==== Data extract ====
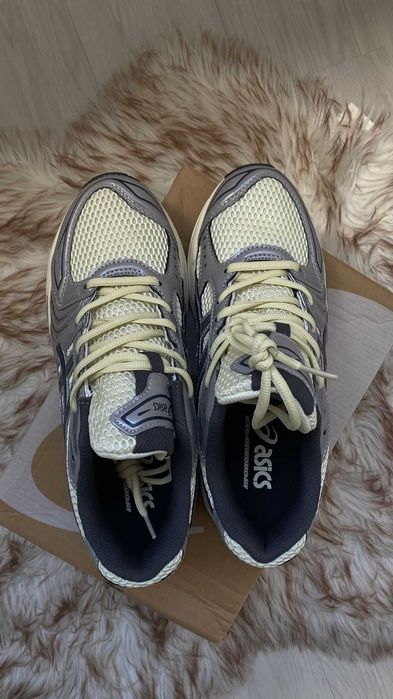 Asics Gel-Kayano 14 bege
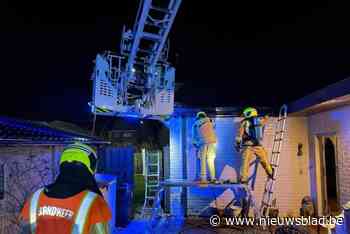 Brandweer moet vuur aan schouw blussen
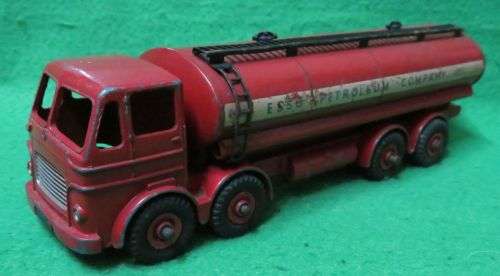 **DINKY**8 WHEELER - LEYLAND OCTOPUS - ESSO PETROL TANKER**#943**RUBBER TYRES**METAL BASE**1958-64**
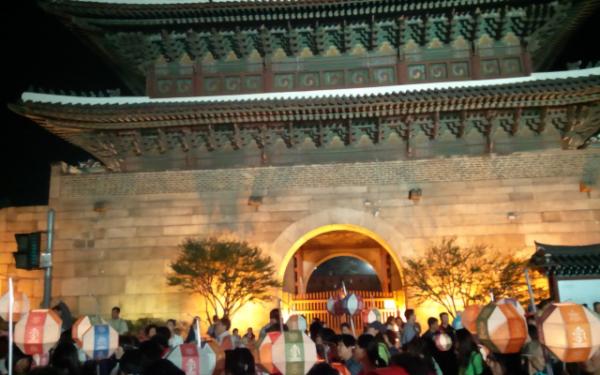 moodol885's tweet photo. 연등행열마치고집에가는길.. http://t.co/GJmqODLt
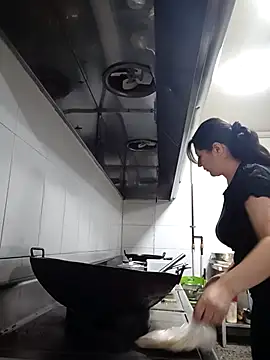 carolina linarez69 online show from 18, 11, 2025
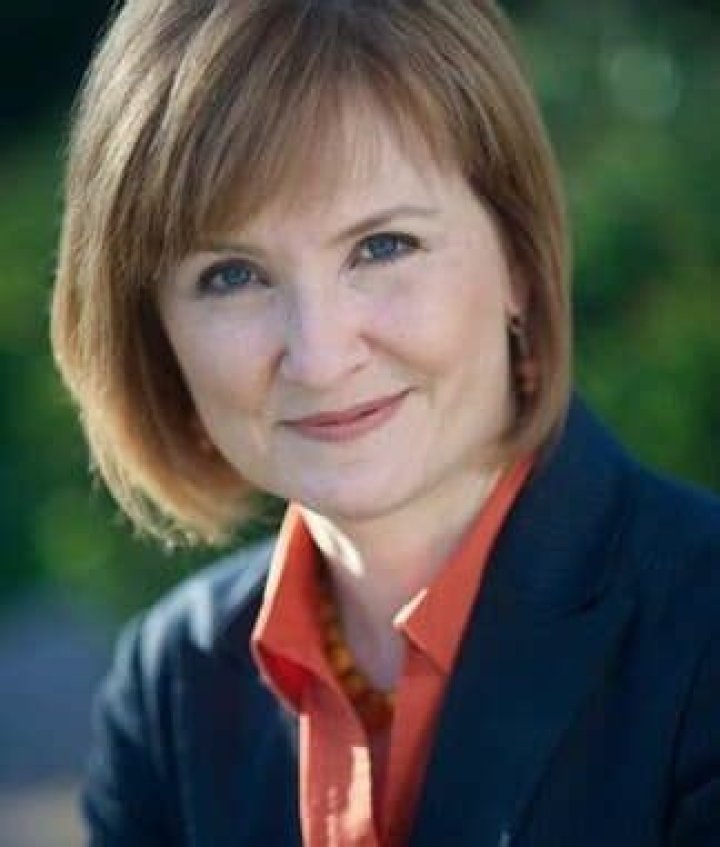 Anna Werner CBS, Bio, Wiki, Age, Height, Family, Husband, Salary, and Net Worth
====
• [What you have to do]
Copy out the data verbatim, with no pictures.

• [Problem solution]
 Asics Gel-Kayano 14 bege
 Brandweer moet vuur aan schouw blussen
 **DINKY**8 WHEELER - LEYLAND OCTOPUS - ESSO PETROL TANKER**#943**RUBBER TYRES**METAL BASE**1958-64**
 moodol885's tweet photo. 연등행열마치고집에가는길.. http://t.co/GJmqODLt
 carolina linarez69 online show from 18, 11, 2025
 Anna Werner CBS, Bio, Wiki, Age, Height, Family, Husband, Salary, and Net Worth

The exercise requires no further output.